The games. For Liam McCabe, that’s what it was all about. Meetings, briefings, travelling – it was all part of the job and there was a certain amount of enjoyment in it but attending matches, being in the thick of it, those are the days he remembers most vividly.

The Belturbet Rory O’Moores clubman got into administration as a teenager with his home club and advanced up the ladder. The world of GAA officialdom he joined is unrecognisable from the one he has just left but we’ll get to that – the finish, the lessons learned along the way - later.

For now, the start.

Redhills and Belturbet were amalgamated as Annagh – winning the big prize 50 years ago this year - and when they went their separate ways, the Rorys needed a secretary. For a 17-year-old working in Cavan Post Office, it didn’t seem out of the way to take it on.

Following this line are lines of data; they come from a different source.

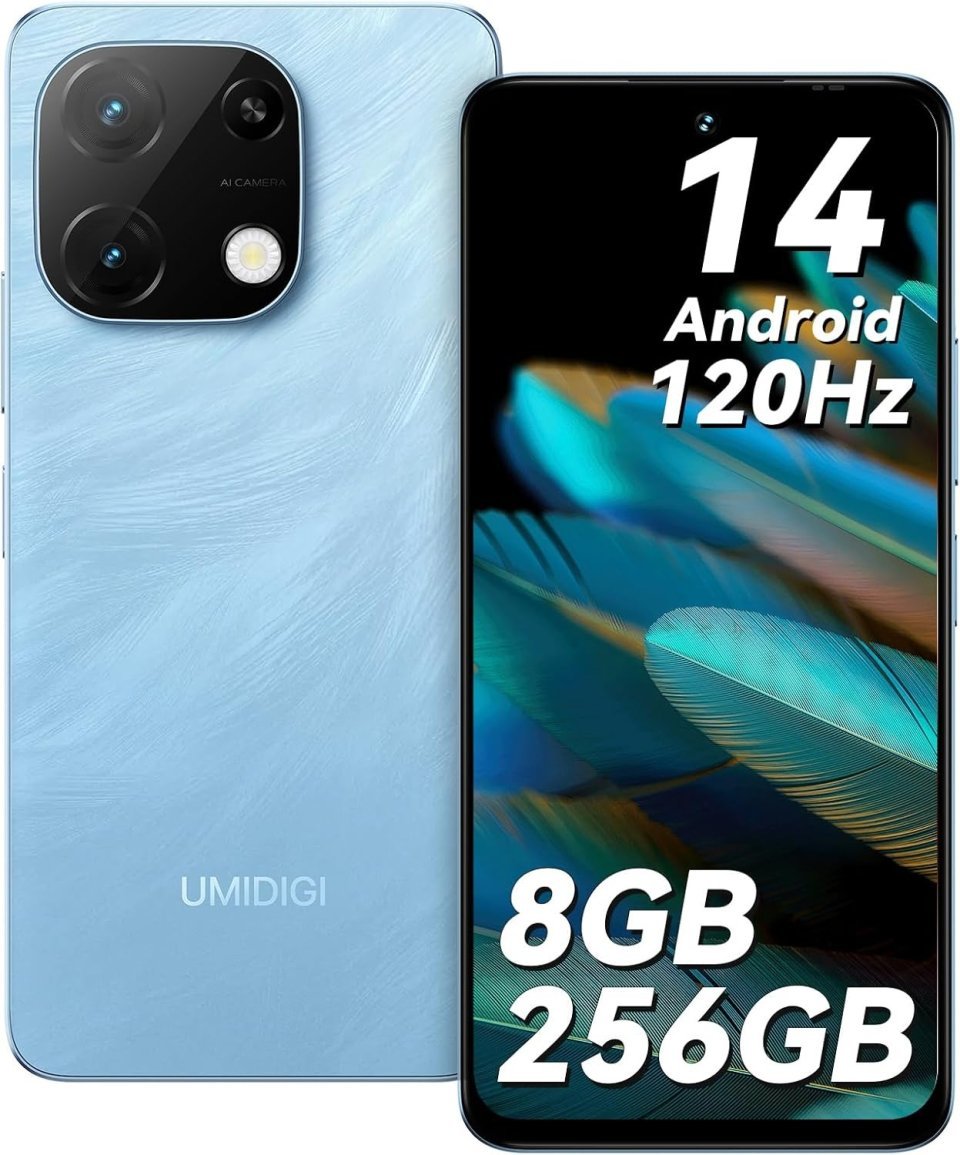 UMIDIGI Note 100A 8GB/256GB 新品 UMIDIGI Note 100 5G+5G 128GB 256GB Octa Core 50MP Unlocked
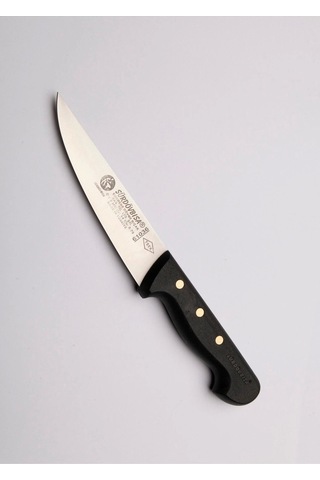 Sürdövbısa 3'lü Kasap Kurban Seti Perçinli Sap Siyah Çok Renkli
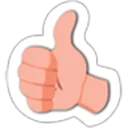 Telegram stiker 👍 Viber
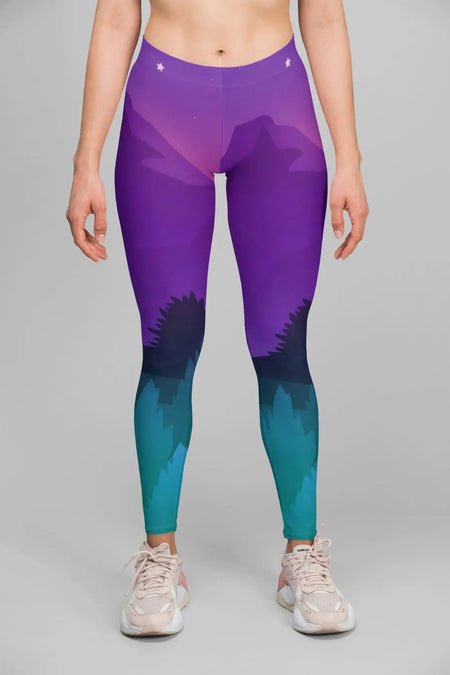 Awe Scene Legging - Drakoi Marketplace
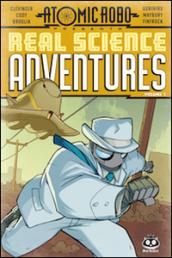 Real science adventures. Atomic Robo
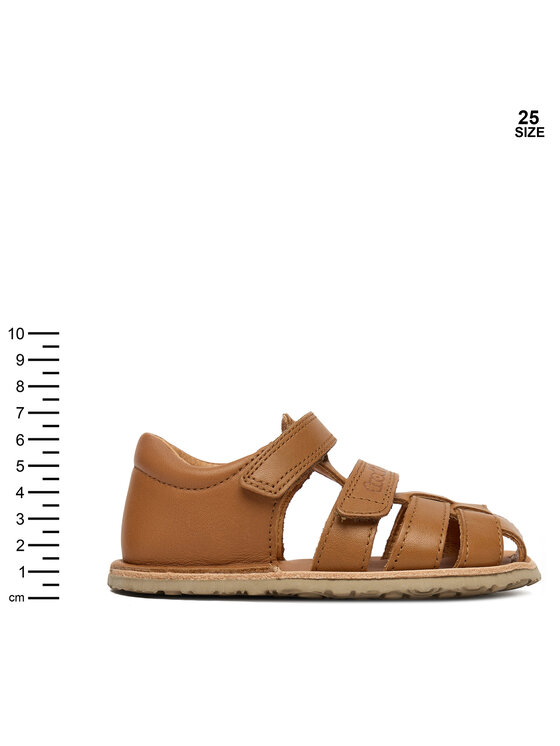 Froddo Σανδάλια Froddo Barefoot Flexy Ivi G3150283-2 S Καφέ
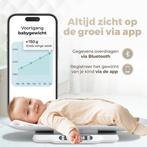 2dekans | Gatson Babyweegschaal - Met App - Tot 30kg -, Witgoed en Apparatuur, Weegschalen, Ophalen of Verzenden, Gebruikt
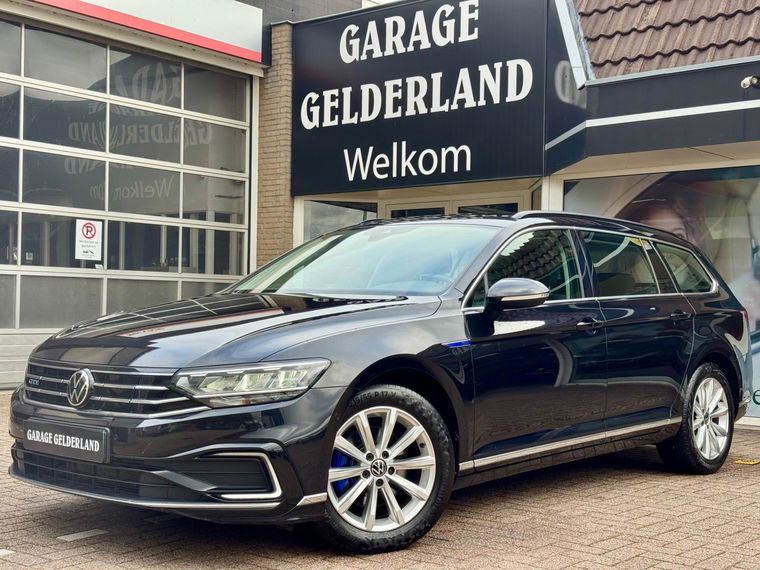 Foto van Volkswagen Passat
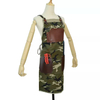 Camouflage Canvas Apron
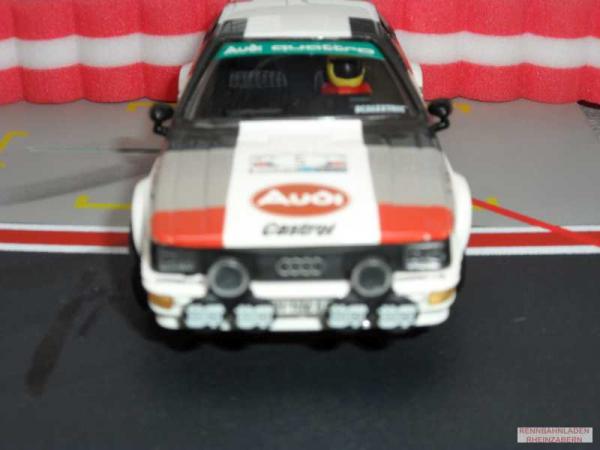 AUDI QUATTRO S1 1° RAC RALLY LOMBARD - SCOTLAND 1981  AUDI SPORT TEAM  #5  HANNU MIKKOLA / ARNE HERTZ Modell selten NEU UNBENUTZT- ohne Box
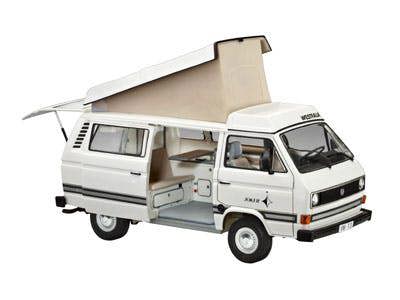 Revell Volkswagen T3 Camper (1:25 Scale)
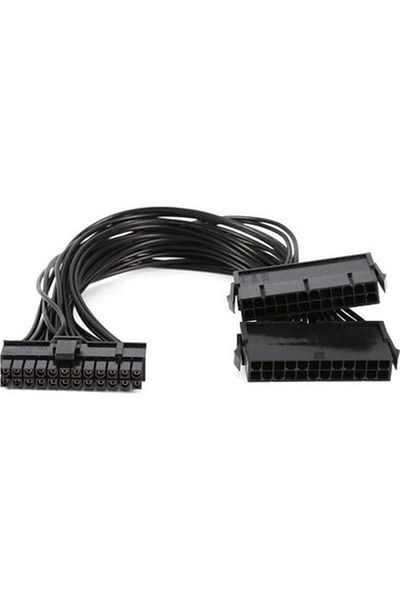 KEEPRO 24 دبوس ATX Dual Psu معدد محول اللوحة الأم كابل التعدين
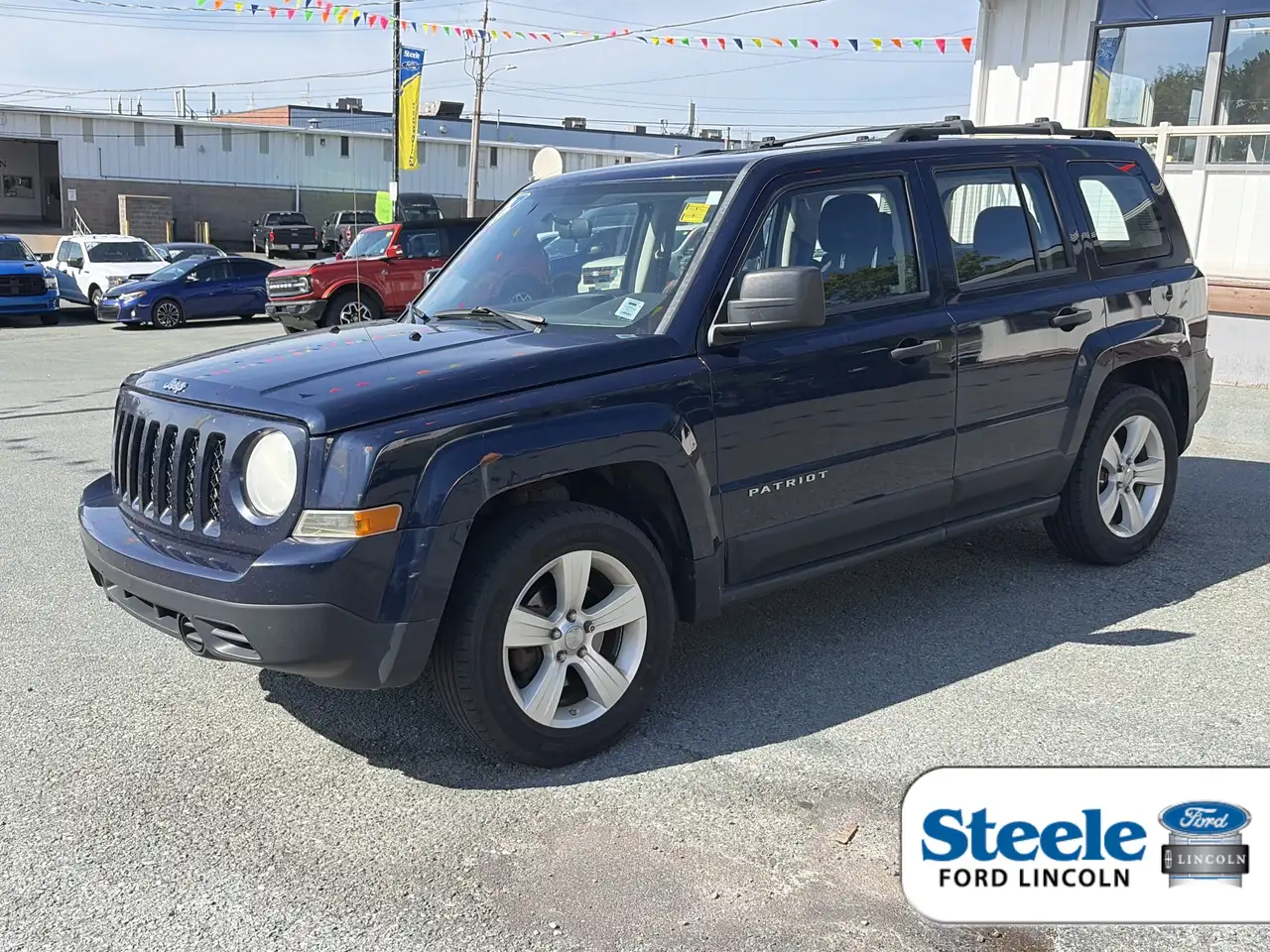 2012 Jeep Patriot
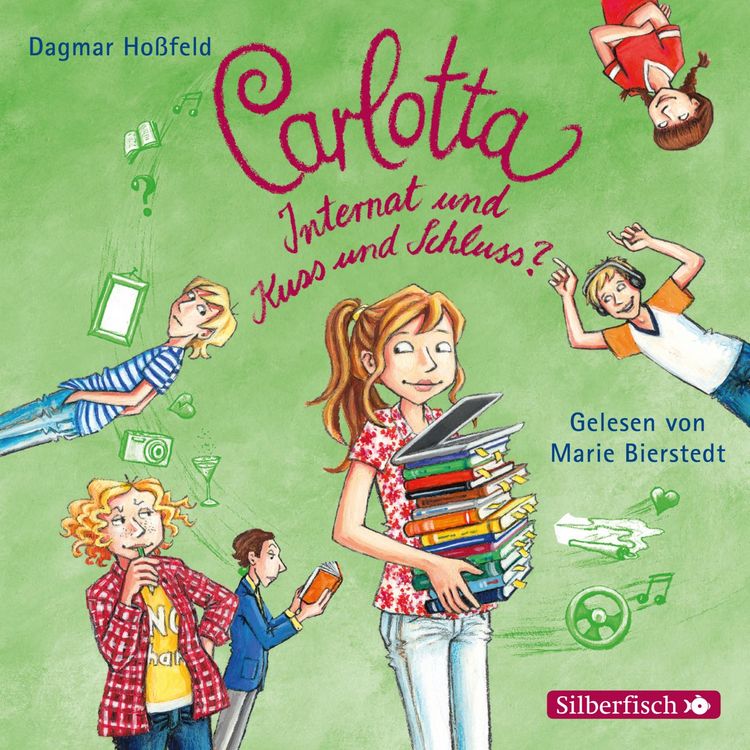 Produktbild: Carlotta - Internat und Kuss und Schluss?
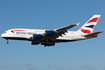 British Airways Airbus A380-841 (G-XLEF) at  Frankfurt am Main, Germany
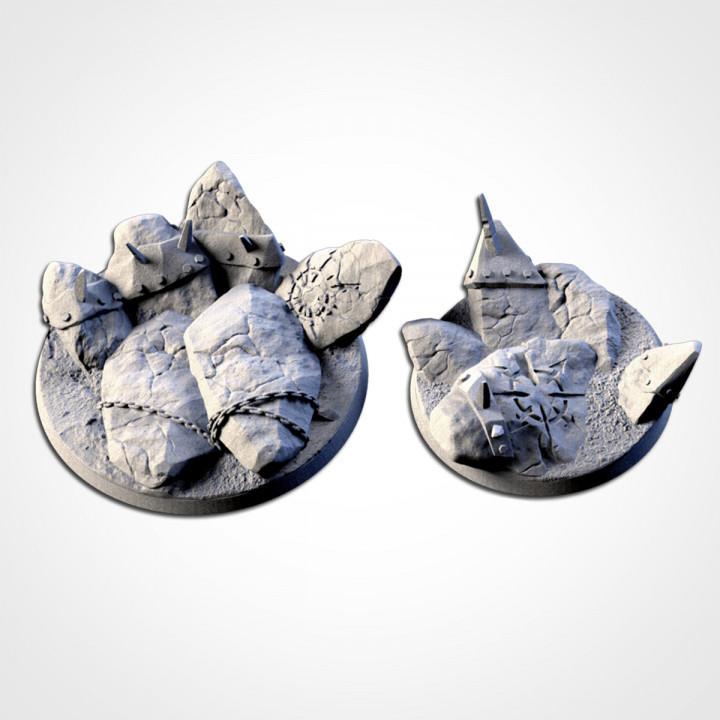 Chaos Hell Bases (Round) image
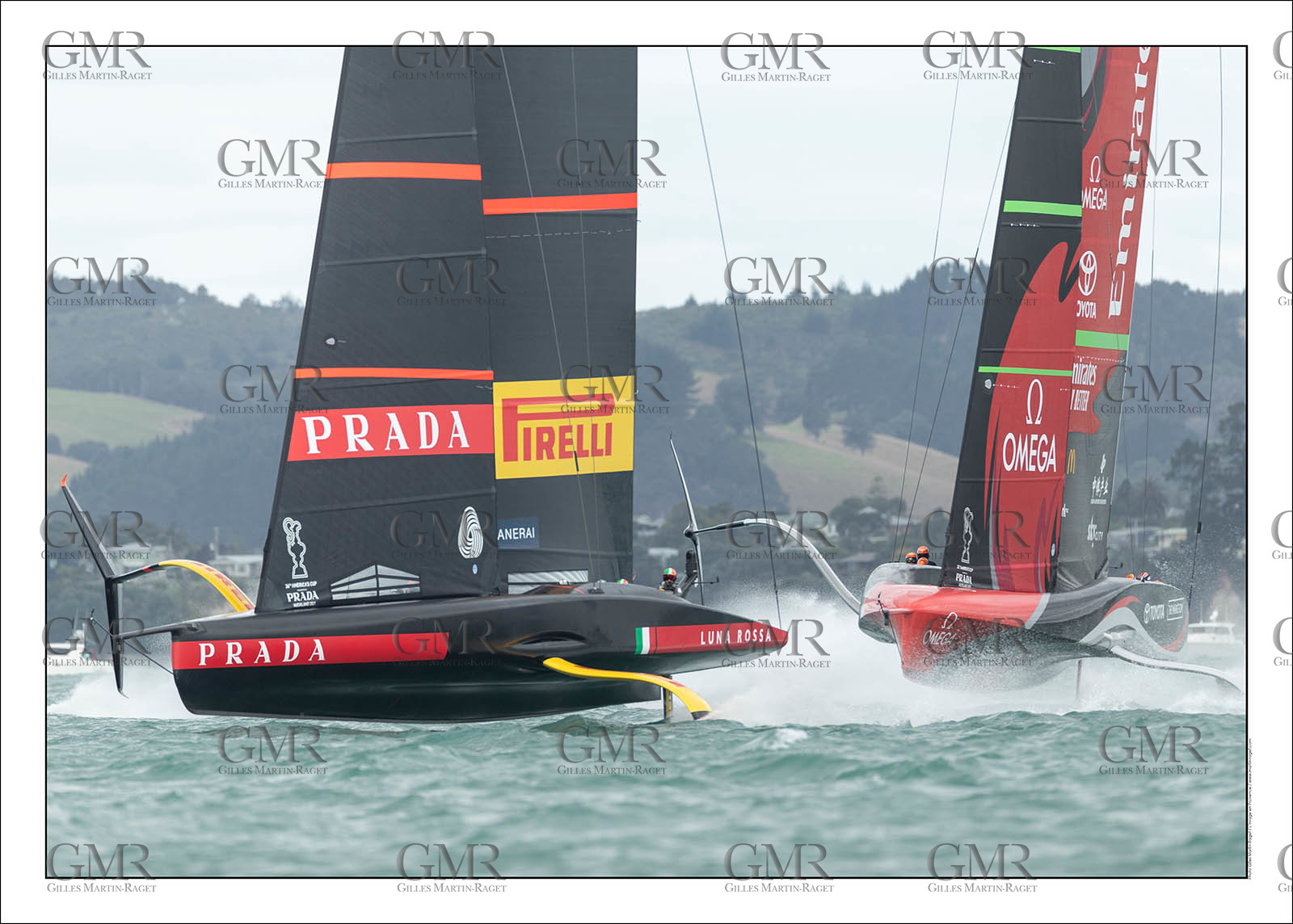 YACHTING - NZL - AMCUP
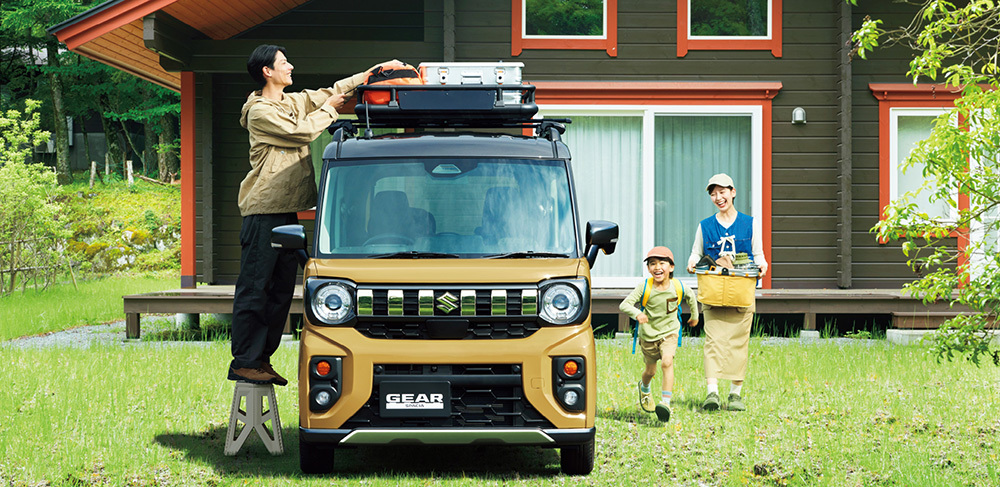 スペーシア ギアの外観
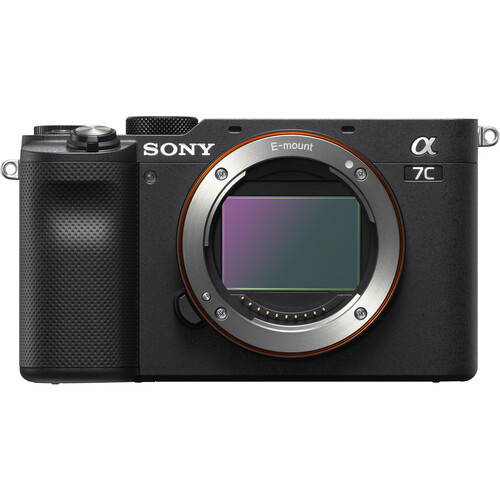 Фотоаппарат Sony A7C Body Black- фото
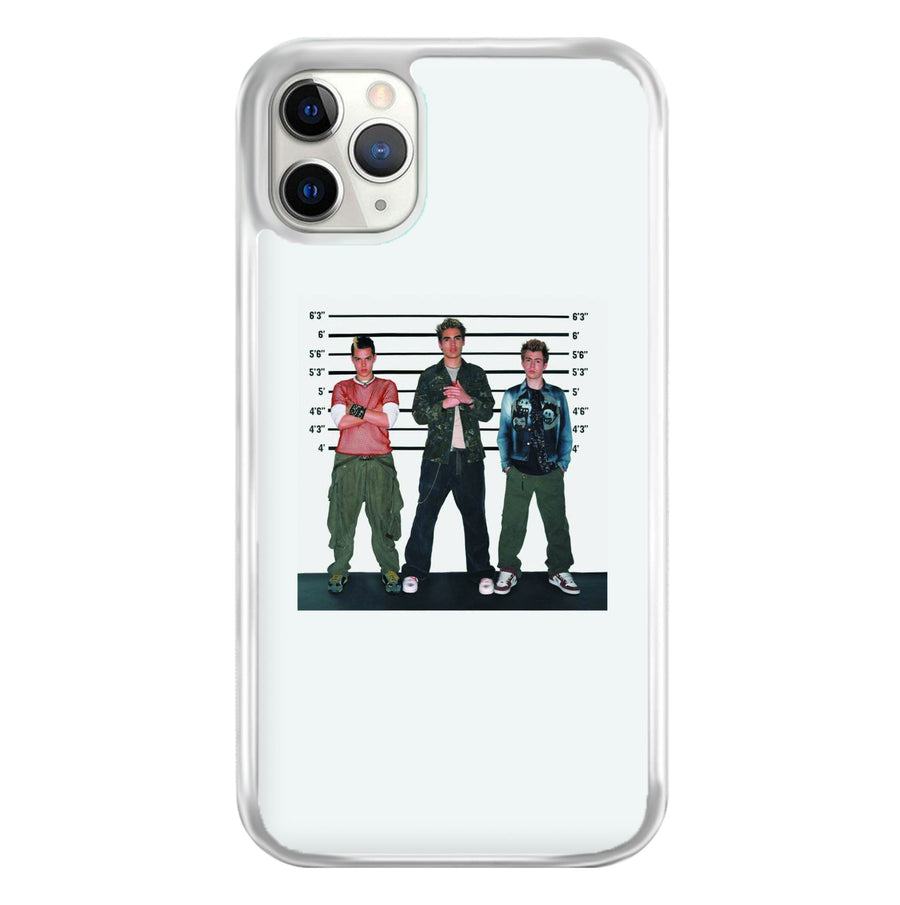Height Chart - Busted Phone Case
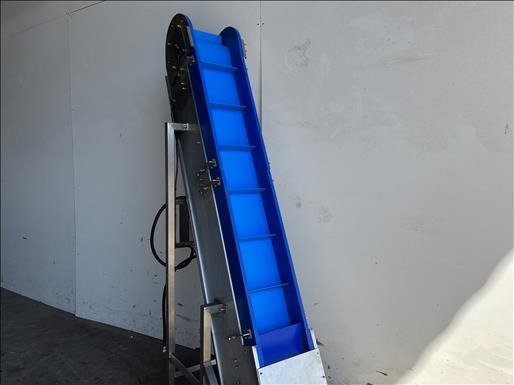 NNP Flighted elevator conveyor - Конвейер: фото 3 NNP Flighted elevator conveyor - Конвейер: фото 3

“There was no big deal about it at the time, that’s the way it was those times. There was nothing really with clubs back then only fixtures, that’s all you had to worry about really,” McCabe recalls.

At the time, he was custodian on the local team, who had been waiting decades for a breakthrough.

“I played in goals for Belturbet for a long number of years. We lost four county finals, I don’t know if I was to blame for them all but I can definitely take the blame for one of them anyway, I have no problem saying that. We lost three junior and one intermediate but I was lucky enough to be captain when we won the Division 3 title which was our first title since 1937, believe it or not.

“I have fond memories of that. We had a reunion 10 years ago and it was really great to see all the lads again. Great old fun. It wasn’t as serious then as it is now but it was a tremendous victory for Belturbet because we had won something.”

Within a few years, the Rorys were senior, with a young, talented squad.

“We had a group of players came together under Mark (Lawlor) in ’94, ’95, ’96. Won the junior and intermediate and got to the senior semi-final. My great disappointment as a Belturbet person is that we never actually got to a senior final. I’m not saying we’d have won one but we definitely had a couple of great chances to get to one.

“We had great lads playing at the time. We had five fellas on the All-Ireland U21 team. Sometimes a crowd of lads just come together and you mightn’t have that again for another 20 years. I think all clubs go that way.”

While he was still playing, McCabe trained underage teams and having attended “a couple of Youth Board meetings”, he got asked by Youth Board secretary Martin Cahill to consider joining the committee. That led to him taking the position of Assistant Secretary of the Youth Board, then Assistant Secretary of the county board. (Incidentally, 30 years on, Cahill has now replaced McCabe.)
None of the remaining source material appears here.